Interim Results

RNS Number : 0309S
Microsaic Systems plc
28 September 2017
 

28 September 2017

Microsaic Systems plc

("Microsaic", "Microsaic Systems" or the "Company")

Interim Results and Management Update for the six months ended 30 June 2017

 

Microsaic Systems plc (AIM: MSYS), the developer of chip-based mass spectrometry ("MS") instruments designed to improve the efficiency of pharmaceutical R&D, announces its unaudited interim results for the six months ended 30 June 2017 ("H1 2017") and an update on trading since the period end.

 

Overview of Activities in H1 2017

·     Further improvements delivered to overall products and services, including:

The world's first on-line desalting module for real-time bioprocessing applications

Mass-range extension enabling larger biomolecule detection

Increased environmental robustness for point-of-use applications

·     Refocused strategy on the bioprocessing market where point of use MS has the potential to reduce analysis times significantly:  

Validated a significant market opportunity with multiple points of entry

Product enhancements delivered to enable real-time analysis of therapeutic proteins and other biologics

Completed feasibility phase with a global partner in bioprocessing which co-funded R&D 

·     Difficult trading conditions in existing traditional markets for small molecule detection

Revenue down to £0.13m in H1 2017 (H1 2016: £0.47m)
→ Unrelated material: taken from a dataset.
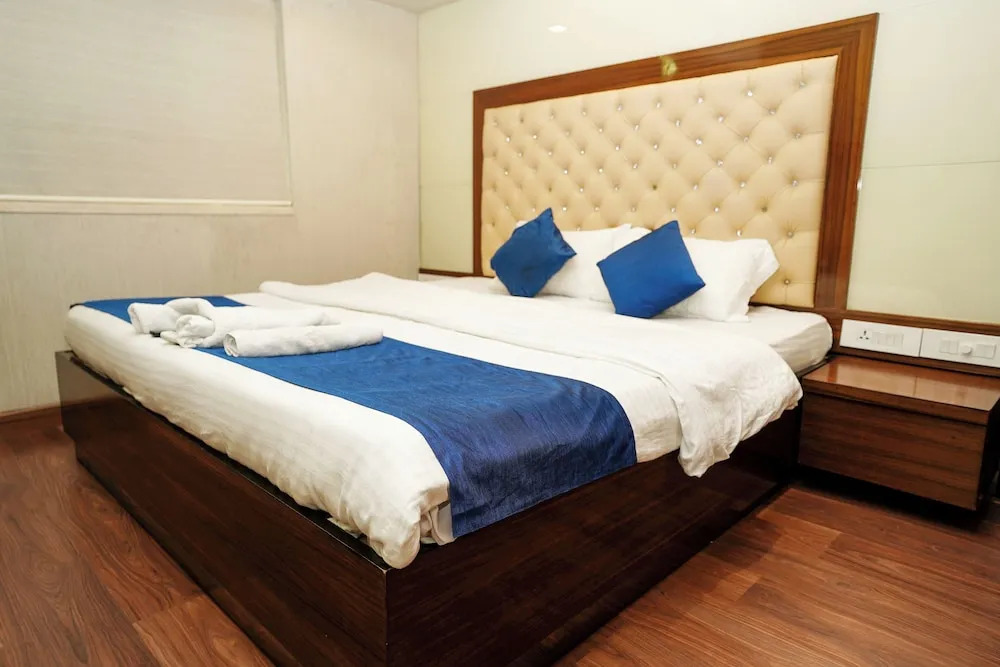 Мумбаи: Zenith Homes - Powai Suites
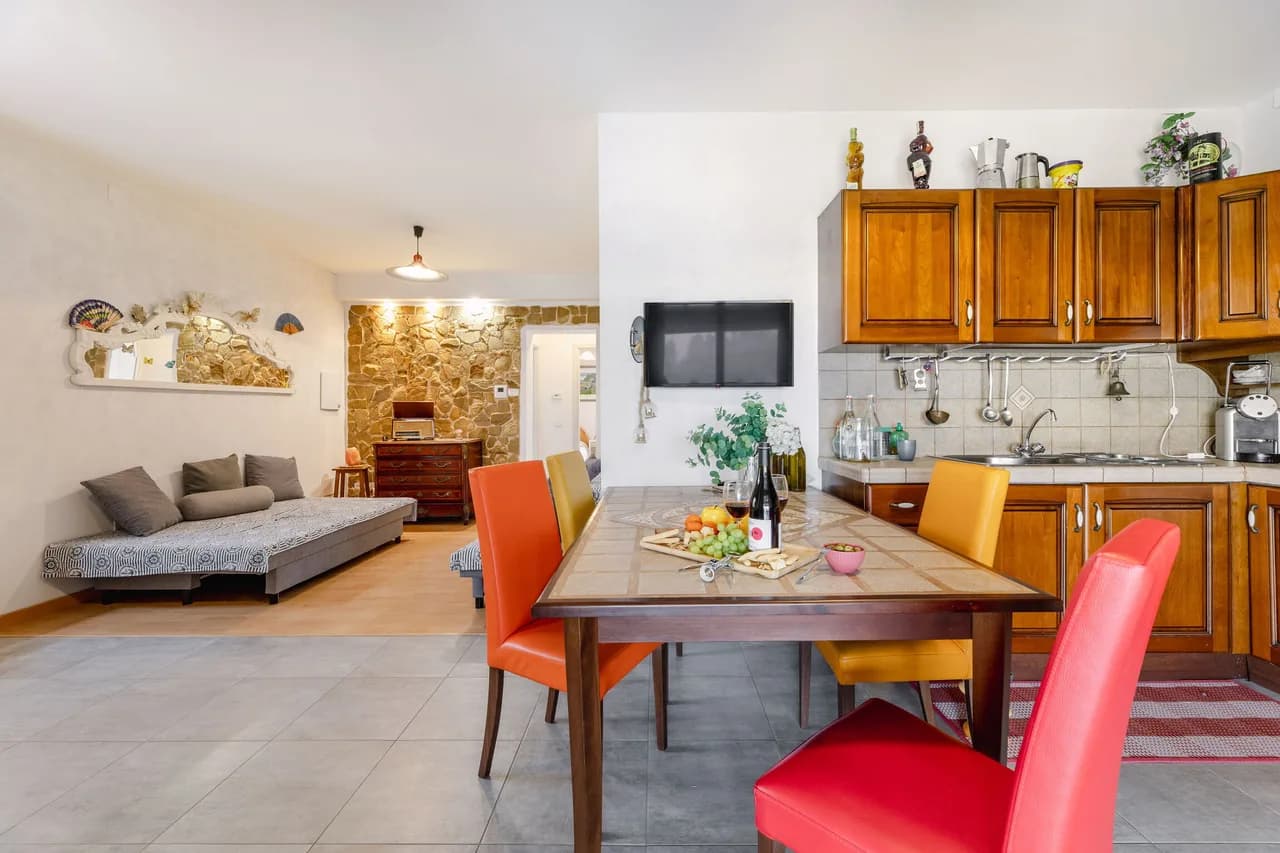 Fully Equipped Two Bedroom Villa in Falconara Marittima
·     Streamlined organisation to maintain rigorous capital management:

Operating expenses in H1 2017 of £1.56m down 16% over H1 2016 (£1.87m)

Loss pre tax in H1 2017 is a 15% improvement over H1 2016

Cash of £4.08m at 30 June 2017 (31 December 2016: £5.73m)

·     Eric Yeatman appointed Interim Non-Executive Chairman

 

Post-Period end update

·     Appointment of Glenn Tracey as Chief Executive Officer ("CEO")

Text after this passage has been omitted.